Mi abuela siempre tuvo muchas historias, grandes historias, pero no las recordaba... sólo traía a su mente a un viejo decrépito que la engañaba y las penas que la habían hecho pasar de niña... No hay derecho
Dentro de todo, ella era una gran soñadora, con una capacidad de amar y hacer feliz a quien se le cruzase por el camino... por el camino...
Mientras estaba viva, siempre iba a visitarla un señor, lleno de misterio, al igual que a mi madre... otro señor, lleno de misterio...
Eso me gusta de ellas, que en alguna parte de sus vidas, dejaron al gran amor, y se casaron con el Señor equivocado... amaron y fueron amadas... todo bajo un gran velo de misterio...
El primer señor lleno de misterios, siempre iba a visitarla, con la excusa de la amistad, y cada 18 de marzo, le llevaba flores por su cumpleaños.

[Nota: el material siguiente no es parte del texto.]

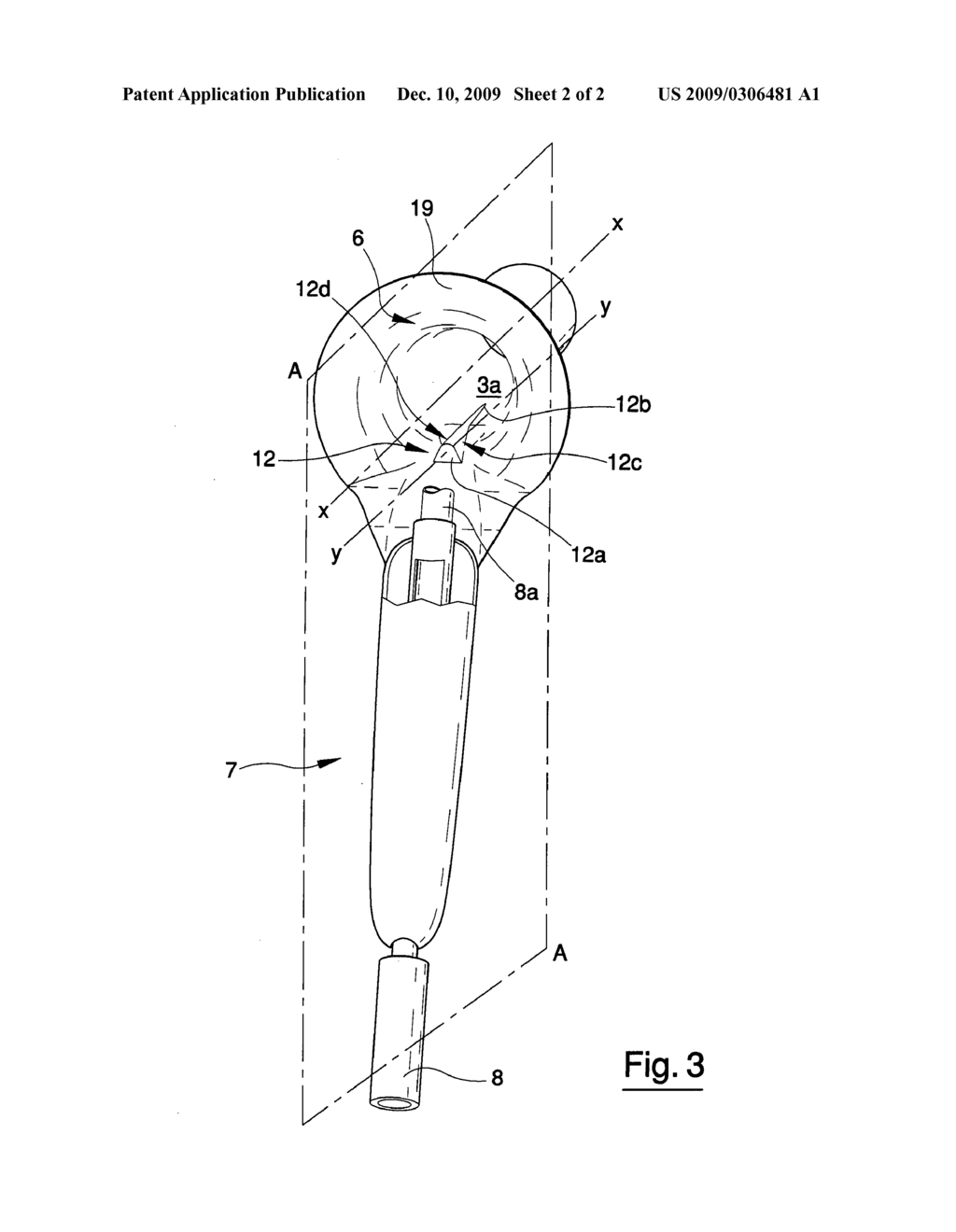 MEDICAL SURGICAL DEVICE FOR TREATING COLOPROCTOLOGICAL PATHOLOGIES - diagram, schematic, and image 03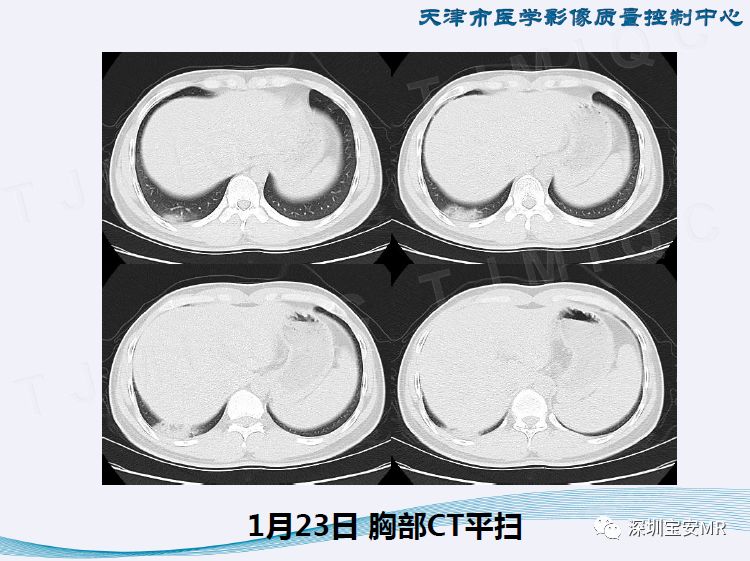 【PPT】新型冠状病毒感染肺炎影像学表现—阶段性总结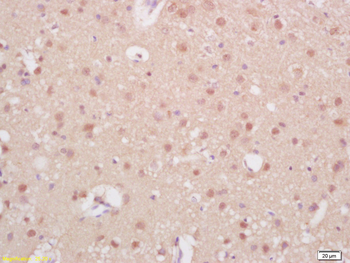 Phospho-AR/Androgen receptor (Ser597) Rabbit Polyclonal Antibody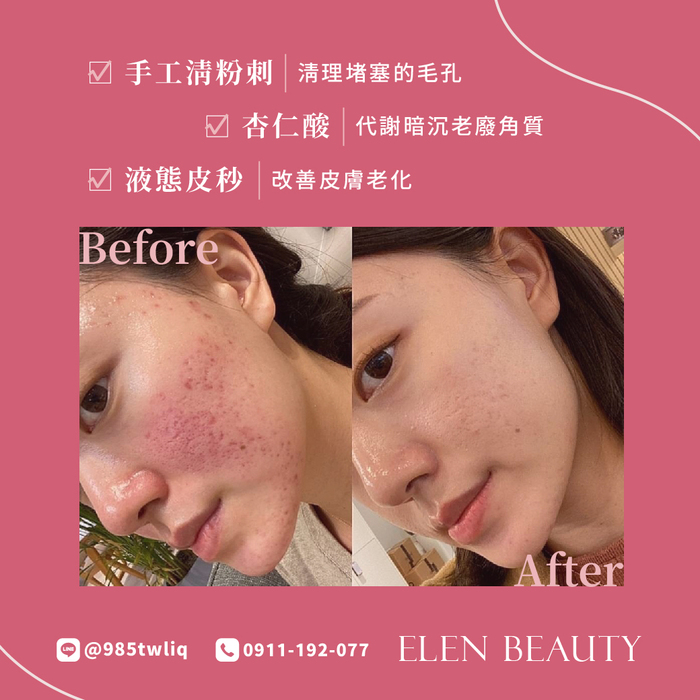 伊卡絲 ECSALON圖片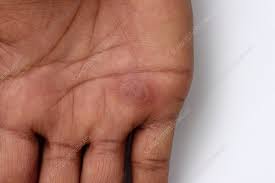 Image result for Fixed Drug Eruption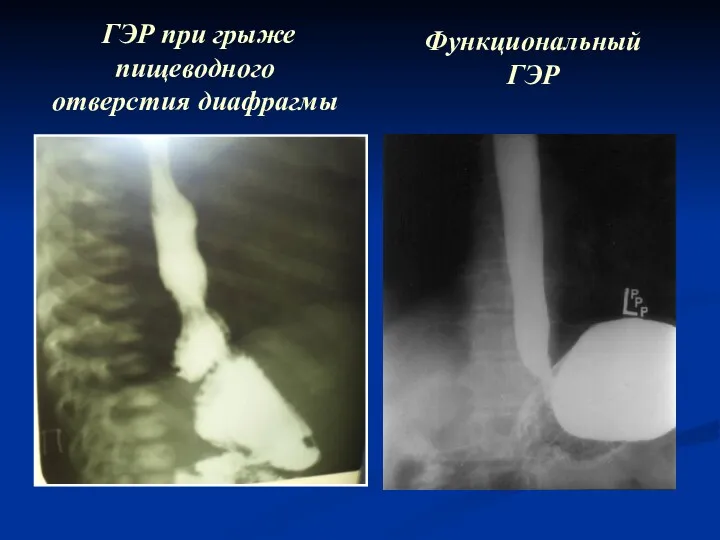 ГЭР при грыже пищеводного отверстия диафрагмы Функциональный ГЭР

Él tenía esposa, o tuvo, porque los años se llevan a las esposas y a los amigos, lo queramos o no.
Cuando iba a visitarla, generalmente llegaba por la tarde, cuando el jefe del hogar aún dormía la siesta... Yo los veía tan callados, tan cómplices y amigos, que añoraba que alguna vez, alguien me quisiera como él a ella.
A veces mi abuela hablaba dormida, como lo hago yo, y tal vez lo haga mi hija, y peleaba hasta en sueños, pero en otras ocasiones, soñaba con el señor lleno de misterios y todo era tan distinto, su voz se llenaba de amor y de una extraña sensualidad que jamás en la vida, pude oír de sus labios... Estoy segura que ellos se amaban, y alguna loca promesa habían hecho alguna vez en la vida.... porque cada vez que se veían, el mundo entero se paraba y les pertenecía.
Mi abuelo, el malo de la película, (sólo de esta películo-homenaje), definitivamente no estaba ni ahí como se dice vulgarmente, con este señor... y reían los tres, hablando de viajes, que ella había hecho con el oficial, pero soñaba hacerlos con el otro, el señor lleno de misterios...
Por algo era prima hermana de Lucila Godoy Alcayaga, más conocida como Gabriela Mistral para los amigos... para poder soñar a su antojo, una escribía y la otra soñaba, cada una con su don, el cual se trasmitía de generación en generación, de madre a hija, de hija a nieta y así sucesivamente...
Un día, o una noche, por casualidad, la escuché mientras dormía, que le decía a su amor que la fuera a buscar cuando ella estuviera lista, que le tuviera paciencia...
Fue así como él siempre iba, pero ella nunca estaba lista...
Él volvía, y ella se quedaba en su casa, con su esposo, su hija y sus nietos, y medio perro de la familia, y su árbol de magnolias, que hace 40 años había plantado.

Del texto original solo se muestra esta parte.